Computer-based regression model aids in breast cancer diagnosis
A multidisciplinary group, including radiologists and industrial engineers, led by Elizabeth S. Burnside, MD, Oguzhan Alagoz, PhD, and Jagpreet Chhatwal, PhD, developed the breast cancer risk estimation model based on the descriptors of the National Mammography Database using logistic regression to detect breast cancer earlier.
The researchers created two logistic regression models based on the mammography features and demographic data for 62,219 consecutive mammography records from 48,744 studies in 18,270 patients reported using the Breast Imaging Reporting and Data System (BI-RADS) lexicon and the National Mammography Database format between April 5, 1999 and Feb. 9, 2004. State cancer registry outcomes matched with their data served as the reference standard.
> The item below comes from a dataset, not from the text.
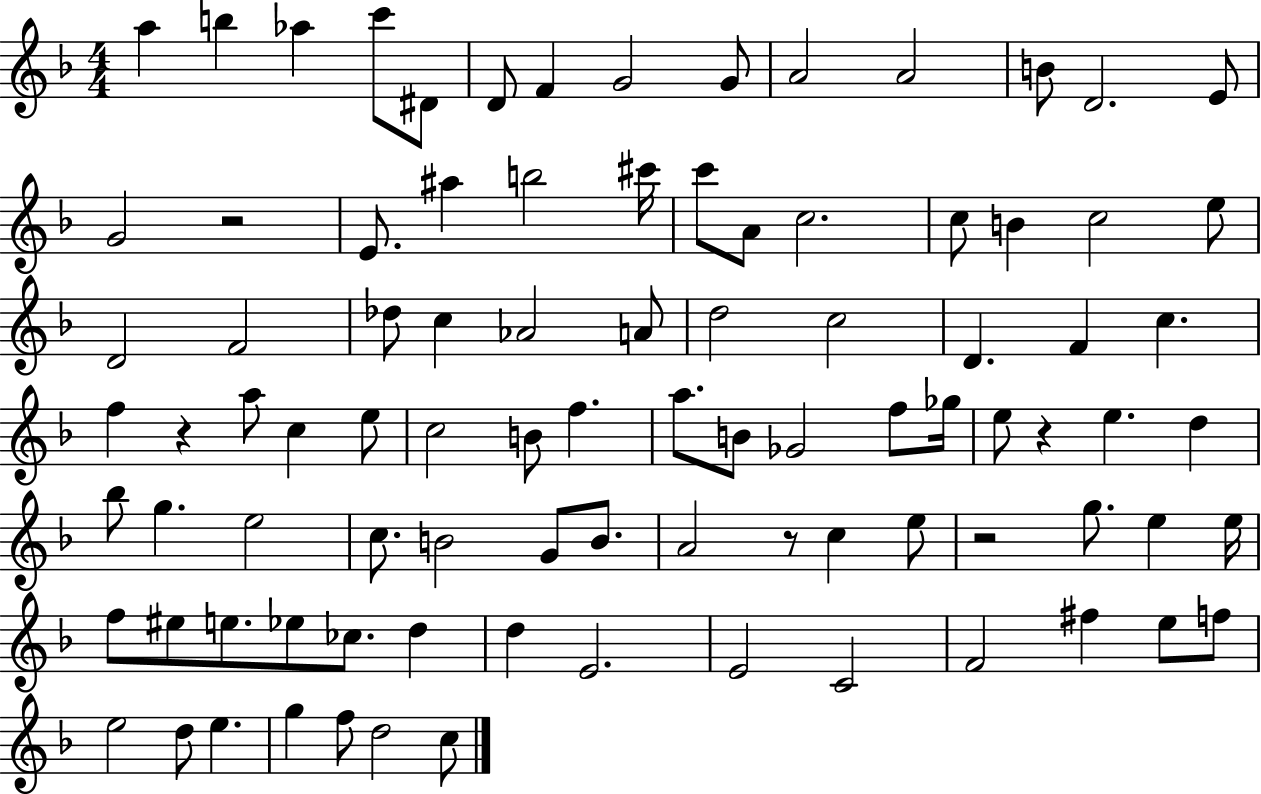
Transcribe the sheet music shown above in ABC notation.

The probability of cancer was the outcome in both models. Model 2 was built using all variables in Model 1 plus radiologists' BI-RADS assessment categories. The researchers used 10-fold cross-validation to train and test the model and to calculate the area under the receiver operating characteristic curves (Az) to measure the performance. Both models were compared with the radiologists' BI-RADS assessments.
According to the results, radiologists achieved an Az value of 0.939 ± 0.011. The Az was 0.927 ± 0.015 for Model 1 and 0.963 ± 0.009 for Model 2.
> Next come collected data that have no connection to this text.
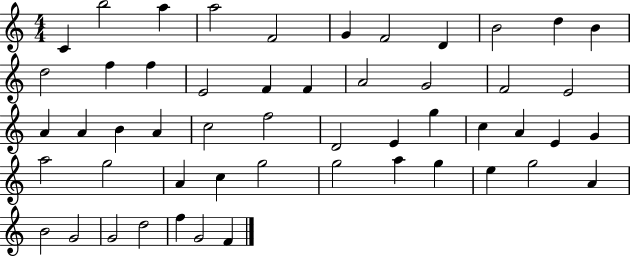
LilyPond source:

{
  \clef treble
  \numericTimeSignature
  \time 4/4
  \key c \major
  c'4 b''2 a''4 | a''2 f'2 | g'4 f'2 d'4 | b'2 d''4 b'4 | \break d''2 f''4 f''4 | e'2 f'4 f'4 | a'2 g'2 | f'2 e'2 | \break a'4 a'4 b'4 a'4 | c''2 f''2 | d'2 e'4 g''4 | c''4 a'4 e'4 g'4 | \break a''2 g''2 | a'4 c''4 g''2 | g''2 a''4 g''4 | e''4 g''2 a'4 | \break b'2 g'2 | g'2 d''2 | f''4 g'2 f'4 | \bar "|."
}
"At 90 percent specificity, the sensitivity of Model 2 (90 percent) was significantly better than that of radiologists (82 percent) and Model 1 (83 percent). At 85 percent sensitivity, the specificity of Model 2 (percent) was significantly better than that of radiologists (88 percent) and Model 1 (87 percent)," the authors wrote.
Based on the findings, the researchers concluded that the "logistic regression model can effectively discriminate between benign and malignant breast disease and can identify the most important features associated with breast cancer."
"The computer based model was designed to help the radiologist calculate breast cancer risk based on abnormality descriptors like mass shape; mass margins; mass density; mass size; calcification shape and distribution," said Burnside and Chhatwal. "When the radiologist combined his/her assessment with the computer model, the radiologist was able to detect 41 more cancers than when they didn't use the model. The model was created based upon findings of 48,744 mammograms in a breast imaging reporting database and found that the use of hormones and a family history of breast cancer did not contribute significant predictive ability in this context," they said.
"Our model has the potential to avoid delay in breast cancer diagnosis and reduce the number of unnecessary biopsies, which would benefit many patients. It may also encourage patients to get more actively involved in the decision-making process surrounding their breast health," they added.
Though work remains to be done to validate the system for clinical care, it represents a "promising direction that has the potential to substantially improve breast cancer diagnosis," according to Burnside and Chhatwal.